- **WHAT YOU SHOULD DO**:
The output should match, line for line, the records from the line containing "Vista posteriore di" through the line containing "A man in a green", with every picture left out.

- **EXERCISE MATERIALS**:
----------------------------------------

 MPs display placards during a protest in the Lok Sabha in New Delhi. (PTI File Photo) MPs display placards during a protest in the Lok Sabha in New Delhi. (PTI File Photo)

----------------------------------------

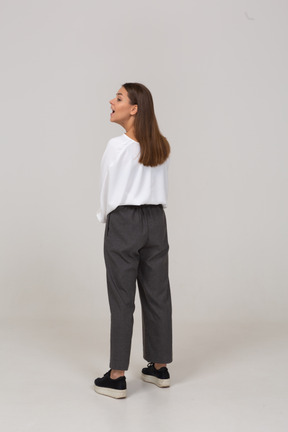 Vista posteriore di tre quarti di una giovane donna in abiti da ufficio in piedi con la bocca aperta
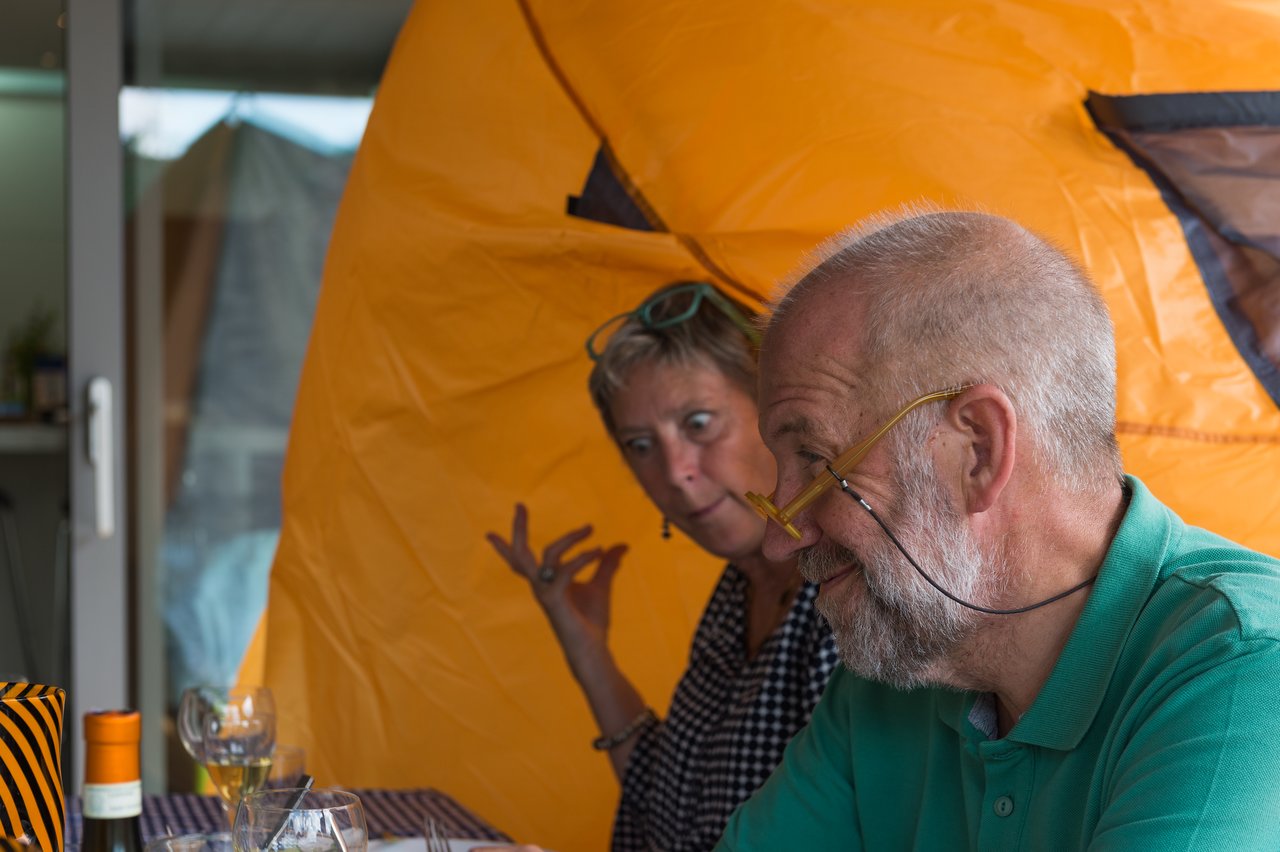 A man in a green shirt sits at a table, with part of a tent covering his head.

----------------------------------------

- **TASK SOLUTION**:
 Vista posteriore di tre quarti di una giovane donna in abiti da ufficio in piedi con la bocca aperta
 A man in a green shirt sits at a table, with part of a tent covering his head.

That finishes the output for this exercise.